Tuesday evening, it was announced by multiple U.S. defense officials and a top Biden administration official that the U.S. was working on a deal to send Patriot missile systems to Ukraine. On Wednesday, the Kremlin responded to the announcement with Deputy Chairman of the Security Council of Russia, Dmitry Medvedev, posting on his Telegram account (computer translation), "If, as Stoltenberg hinted, NATO supplies Kyiv fanatics with Patriot complexes along with NATO personnel, they will immediately become a legitimate target of our Armed Forces. I hope the Atlantean impotents understand this."
Since the beginning of the invasion of Ukraine, the Russian military has targeted not only Western arms caches inside Ukraine but also inbound shipments arriving in the country. At the beginning of the war, Russia targeted Ukraine's national rail network for this purpose.
While there is much talk and anticipation of the delivery of Patriot missile systems to Ukraine, the plan has not yet been approved by either Defense Secretary Lloyd Austin or President Biden. Approval of the deal could potentially come as soon as next week, but Ukrainian troops would have to undergo extensive training at a U.S. Army base in Germany to learn how to use the systems before the missiles could be delivered to Ukraine, which could take months.

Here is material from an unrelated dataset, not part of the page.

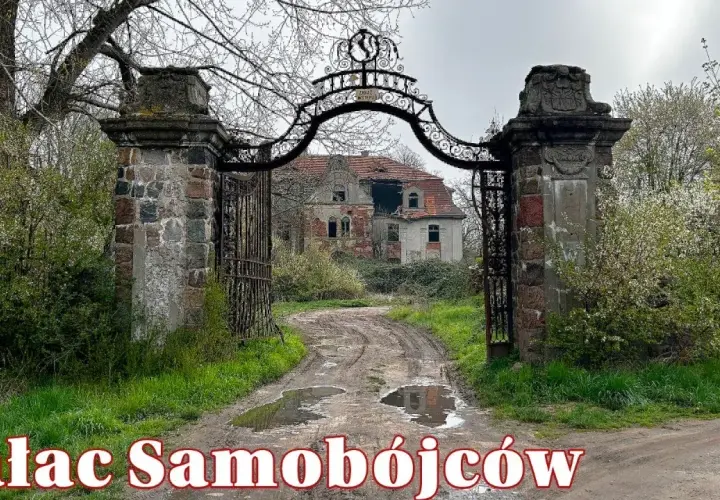 Pałac samobójców w Glinkach: tajemnice, historia i niezwykłe legendy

Concerns have been growing that Ukraine will use the long-range Patriot missile systems to launch attacks inside Russian territory. However, the range of the missiles is determined by the type of munition used, which would allow the Pentagon to limit the air-defense systems' range.
Regardless of the munitions supplied with the missile systems, if the plan is even approved, the Kremlin sees the potential move as an escalation. Ukraine will most likely be facing a new onslaught of missile and drone strikes in retaliation by Moscow.